Das Kindergeld wird zunächst rechnerisch so aufgeteilt, dass der Gesamtbetrag hälftig auf den Betreuungsunterhalt und hälftig auf den Barunterhalt verrechnet wird.

Bei einem Kind entfällt daher auf die Leistung von Betreuungsunterhalt ein Betrag in Höhe von 96,00 €.

Aufgrund der gleichartigen Betreuung steht beiden Elternteilen jeweils ein Betrag in Höhe von 48,00 € für die Betreuung des Kindes zu.

Die andere Hälfte des Kindergeldes, welche auf den Barunterhalt entfällt, wird mit der Quote geteilt, wie diese bei der Berechnung der Haftungsverteilung zwischen den Eltern ermittelt wurde.

Die Berechnung ist demnach ein mehrstufiges, teilweise kompliziertes Verfahren, welches die genaue Ermittlung des Einkommens der Elternteile voraussetzt.

III.

Fazit für die Praxis

Es bleibt abzuwarten, ob tatsächlich ein Gericht im Rahmen eines Sorgerechtsverfahrens ein Wechselmodell anordnet.

Bisher war die durchgängige Rechtsprechung eigentlich so, dass gegen den Willen eines Elternteils die Anordnung eines Wechselmodells abgelehnt wird (vgl.
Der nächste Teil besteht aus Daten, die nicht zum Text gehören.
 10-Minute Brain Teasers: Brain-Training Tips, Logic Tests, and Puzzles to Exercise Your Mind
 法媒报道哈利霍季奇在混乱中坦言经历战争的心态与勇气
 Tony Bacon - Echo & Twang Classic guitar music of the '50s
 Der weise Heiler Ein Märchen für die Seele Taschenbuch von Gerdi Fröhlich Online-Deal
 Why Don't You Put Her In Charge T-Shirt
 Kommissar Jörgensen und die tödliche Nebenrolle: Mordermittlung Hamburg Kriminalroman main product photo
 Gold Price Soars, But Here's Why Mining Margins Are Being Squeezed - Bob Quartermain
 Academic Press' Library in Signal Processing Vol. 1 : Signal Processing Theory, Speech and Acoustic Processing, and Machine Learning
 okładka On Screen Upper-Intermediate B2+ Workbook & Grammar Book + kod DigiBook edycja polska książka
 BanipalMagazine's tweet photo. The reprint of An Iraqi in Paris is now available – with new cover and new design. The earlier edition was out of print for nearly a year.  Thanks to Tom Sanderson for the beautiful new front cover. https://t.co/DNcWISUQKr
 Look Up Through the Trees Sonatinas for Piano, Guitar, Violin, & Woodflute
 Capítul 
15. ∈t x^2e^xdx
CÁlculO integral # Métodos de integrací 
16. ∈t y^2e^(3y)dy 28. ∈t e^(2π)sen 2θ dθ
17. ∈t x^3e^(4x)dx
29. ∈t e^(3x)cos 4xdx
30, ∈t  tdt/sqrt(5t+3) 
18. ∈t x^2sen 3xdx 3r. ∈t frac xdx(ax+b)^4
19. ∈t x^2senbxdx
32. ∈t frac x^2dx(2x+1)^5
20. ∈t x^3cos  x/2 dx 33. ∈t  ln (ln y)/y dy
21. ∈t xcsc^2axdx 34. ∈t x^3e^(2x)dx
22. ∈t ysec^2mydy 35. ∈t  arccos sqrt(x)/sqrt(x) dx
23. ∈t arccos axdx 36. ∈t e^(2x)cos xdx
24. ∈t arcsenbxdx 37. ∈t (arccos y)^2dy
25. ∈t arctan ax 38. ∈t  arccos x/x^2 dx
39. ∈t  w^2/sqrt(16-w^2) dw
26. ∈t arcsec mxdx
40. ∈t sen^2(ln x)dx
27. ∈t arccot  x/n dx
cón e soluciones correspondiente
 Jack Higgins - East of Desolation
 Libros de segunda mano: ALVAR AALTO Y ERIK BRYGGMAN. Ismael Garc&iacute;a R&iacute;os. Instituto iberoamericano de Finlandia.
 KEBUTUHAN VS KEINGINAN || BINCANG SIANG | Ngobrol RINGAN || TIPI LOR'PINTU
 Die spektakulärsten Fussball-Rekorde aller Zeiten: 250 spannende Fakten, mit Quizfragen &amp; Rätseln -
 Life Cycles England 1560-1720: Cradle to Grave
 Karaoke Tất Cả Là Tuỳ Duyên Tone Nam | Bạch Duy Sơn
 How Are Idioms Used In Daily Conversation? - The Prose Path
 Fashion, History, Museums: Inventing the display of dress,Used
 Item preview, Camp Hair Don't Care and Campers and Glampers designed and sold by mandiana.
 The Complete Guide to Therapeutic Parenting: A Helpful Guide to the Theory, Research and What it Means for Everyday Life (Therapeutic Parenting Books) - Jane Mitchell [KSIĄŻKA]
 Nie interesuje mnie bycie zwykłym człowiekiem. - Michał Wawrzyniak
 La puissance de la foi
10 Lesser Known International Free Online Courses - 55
OLG Dresden BeckRS 2017, 102410).

Es ist auch nachvollziehbar, dass das Kind unter der Gesamtsituation in erheblichem Umfange leidet und dadurch gerade keine Entscheidung getroffen wird, welche dem Wohl des Kindes dient, wenn das Wechselmodell von einem Elternteil – oft mit nachvollziehbaren Gründen – abgelehnt wird.

Ein Wechselmodell sollte sinnvollerweise dann durchgeführt werden, wenn beide Eltern dies wünschen.

Dies dürfte insbesondere dann der Fall sein, wenn beide Elternteile berufstätig sind und die paritätische Betreuung eine Entlastung im Rahmen der Berufstätigkeit darstellt, was im Ergebnis auch gemeinsamen Kindern zu Gute kommt.

In allen anderen Fällen dürfte die Anordnung eines Wechselmodells durch die Instanzgerichte abzulehnen sein.